When in doubt, don't throw in foreign words.
Stephen Michael Kellat, Host, LISTen
PGP KeyID: 899C131F

This from a person that misuses Rental to mean Loan
(link: http://lisnews.org/movie_rentals_quadruple_library )

If what someone writes is not clear, there are ways to make things clear in a polite way.

The OED defines zeitgeist as " The spirit or genius which marks the thought or feeling of a period or age." That period or age need not be historical. The current zeitgeist is what the prevailing attitudes are today.

When in doubt, please be polite.

I am Anonymous 11:59 and if it helps, my name is Cathy. I obviously was not the first anonymous commenter as well, because I said “you” don’t have to apologize.

I’m trying not to be rude here myself, but to read you completely dismiss that person and tell them what words they can and cannot use just because you don’t like their spelling set me off. It was perfectly obvious what they meant, pointing out a spelling mistake like that was unnecessary.

No one is going to feel encouraged to comment and join in on conversations this way, and they’re certainly not going to post under their own name if all they get for it is embarrassment.

I won’t tell you you’re not allowed to go around being a spell checker if that’s what you like to do, but I’m sorry... it’s rude.


Hear hear. People get their panties in a bunch about the odd swear word here and there being a deterrent to new posters and readers. Maybe high-handedness (or horsedness) should be on the list with the Seven Deadlies.

This person clearly has a personal axe to grind, any reasonable person can see that from the tone. This comment makes him/look worse than the library, and it isn't the kind of comment that will change any minds. People who like the library will just roll their eyes, people who don't like the library already don't like the library and people who don't use the library won't care.

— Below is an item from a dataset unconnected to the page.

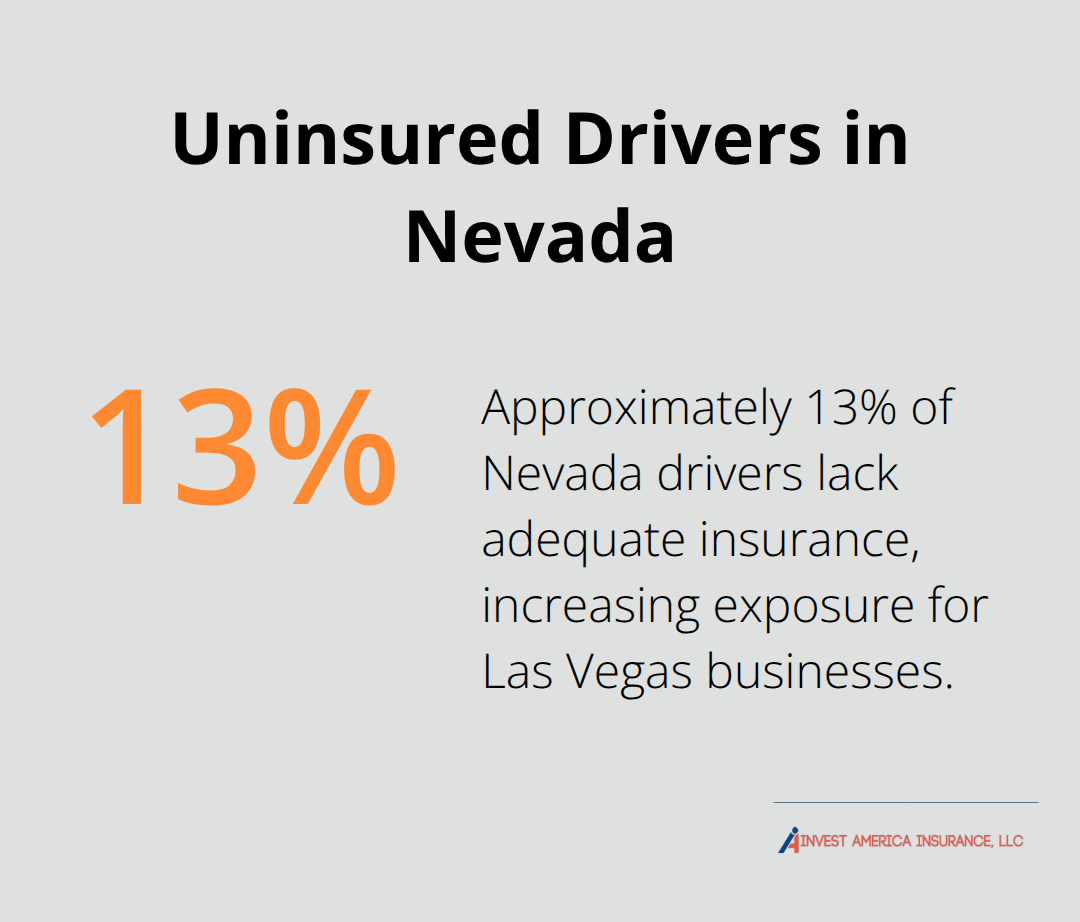 Share of Nevada drivers lacking adequate insurance impacting commercial auto risk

"sitegeist" could be a new word: it appears enough on the googly. I like that the preceding thought was about news sites and current ill-mannered behavior. so has the word "sitegeist" been used in that same context before? of course it has-- website/zeitgeist: a match made in heaven.

My wife is a librarian, I am a librarian, however, as a librarian in a public library my wife was asked by one of her superiors to defend the library and its position on gaming, which it supports, on the comments to a local news story. She spent a good number of hours coming up with a response that satisfied the needs of the organization and of her boss. Now, I myself have spent a good amount of time reading the comments on various news stories on this newspapers website and it doesn't take very long to notice that, aside from anonymous posters, most of the comments are from a very small group of people, and the same people who attacked the story about the library generally attack every story they care to for the flimsiest of reasons. So, my question is, how cost effective is it to spend the time and energy trying to combat something perpetrated by a small number of trolls?

John C. Dvorak did raise that point on the latest episode of This Week in Tech. It normally is just how you describe. The problem is that there is no good theoretically solution on the j-school side of things for handling such. One was to move discussion away from actual pieces to a forum but that hasn't had blockbuster success.